This obviously not an easy thing to perceive. Philosophically, perhaps it could be said that the phenomenological tradition (especially deconstruction) is an attempt to 'dust' all sorts of linimal portals at the threshold of the human and to at least illume those limits. The crossing of those portals is another thing altogether. Often times charges of verging on, or passing over into the 'inhuman' result from those investigations.

Interesting then that so called 'speculative materialism' is putting forth another philosophical strand which attempts to dance into some of these issues. (The most fabulous, in all senses of the word, is the recent book by Reza Negarestani: Cyclonopedia:Complicity with anonymous Materials, speculation and philosophy...lots of speculation... And also the journal COLLAPSE from Britain..see also After Finitude by Quentin Meillassoux and many new blog sites devoted to the general area).
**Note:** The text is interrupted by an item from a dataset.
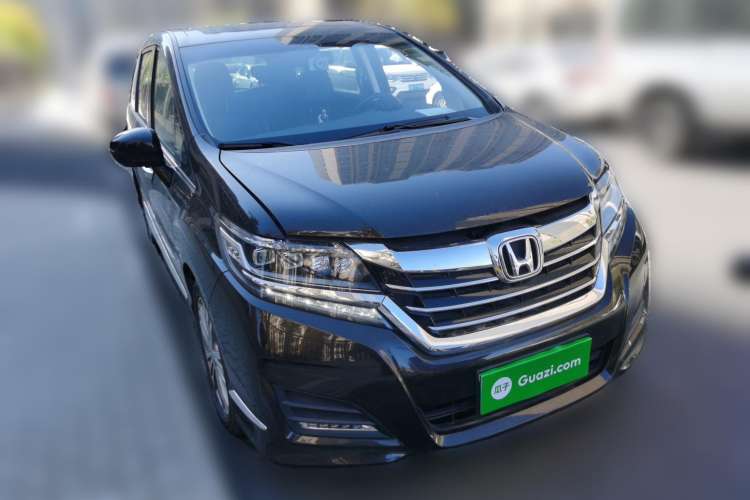Used Honda Elysion 2016 2.4L Luxury Edition Front Right 45 Deg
A couple of short quotes from the article:

"Because the contemporary capacity to command political loyalty and resources depends upon it, the assumption of anthropocentrism must be unquestioned if modern rule is to be sustained as a political project."

and
"This does not mean that UFOs are in fact humanly unknowable,
but they might be, and in that respect they haunt modern sovereignty with
the possibility of epistemic failure."


Ufologists often talk about a coming date (always coming) when secret files will be released etc. This certainly doesn't deal with such conspiratorial issues but the article is very successful in pointing to a skandalon, perhaps indemic to human cognition which might stand in the way of any real recognition of the phenomena.

I'm also reminded of The Black Swan by Nassim Taleb and the place of ignorance and chance in forming most aspects of the world. I've found that there is even a new term for the study of ignorance: agnotology. More data does not necessarily mean we know more; in fact it may give a complacency about what we (think) we know.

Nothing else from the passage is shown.